(Beginning of DATA BELOW)

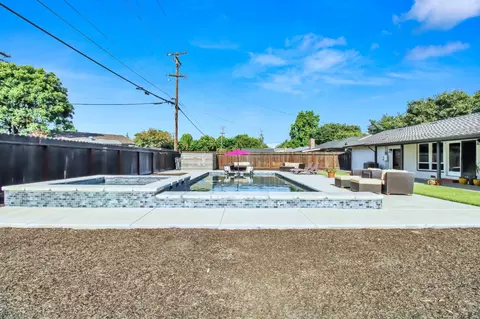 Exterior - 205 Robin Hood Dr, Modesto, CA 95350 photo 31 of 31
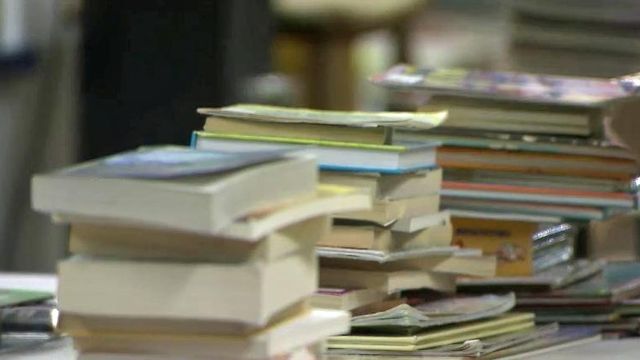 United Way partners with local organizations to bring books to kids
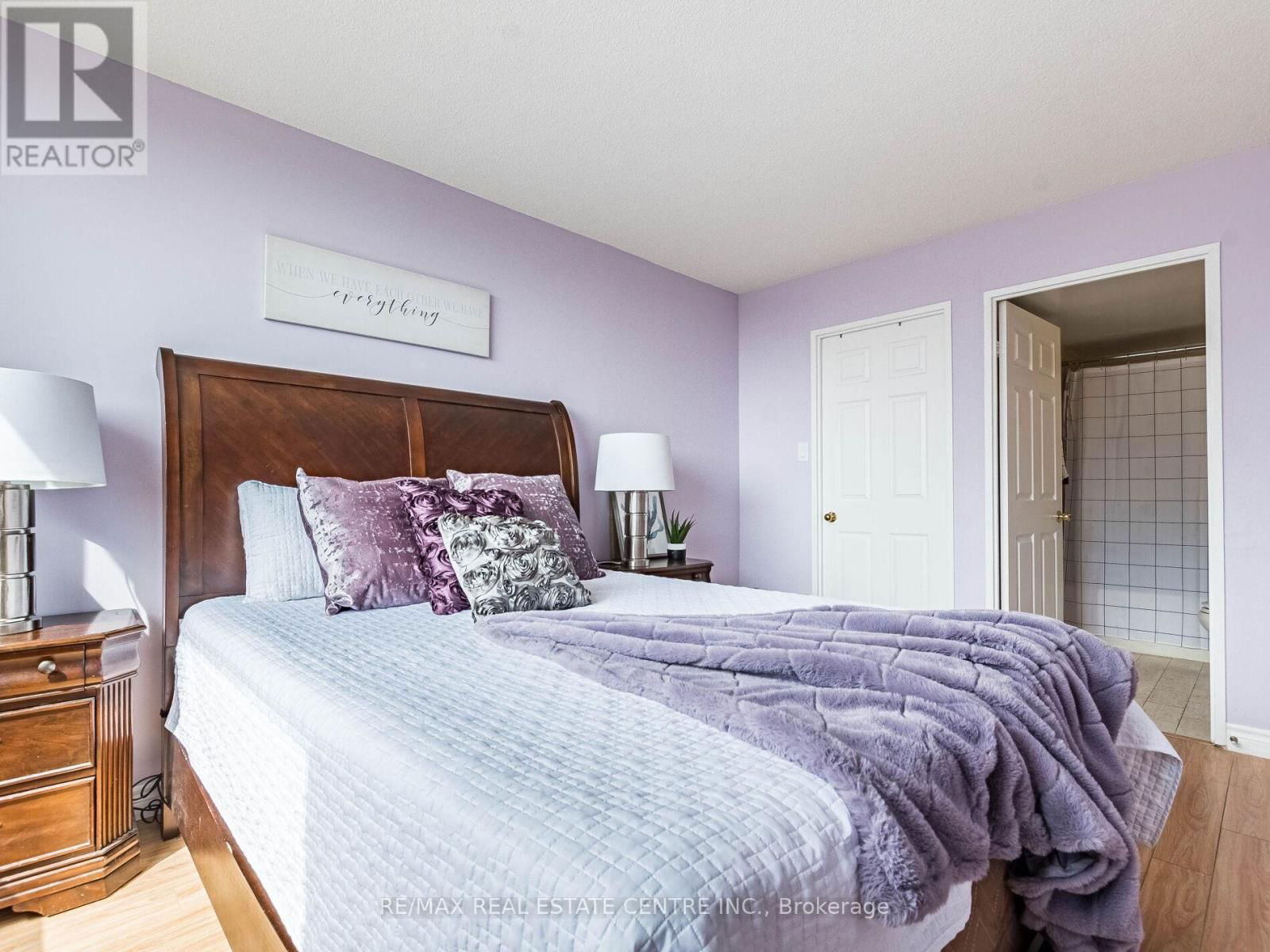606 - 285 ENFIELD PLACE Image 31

(End of DATA BELOW)

EXERCISE INSTRUCTIONS:
Leave the pictures out and output the rest of the data word for word.

SOLUTION TO THIS PROBLEM:
 Exterior - 205 Robin Hood Dr, Modesto, CA 95350 photo 31 of 31
 United Way partners with local organizations to bring books to kids
606 - 285 ENFIELD PLACE Image 31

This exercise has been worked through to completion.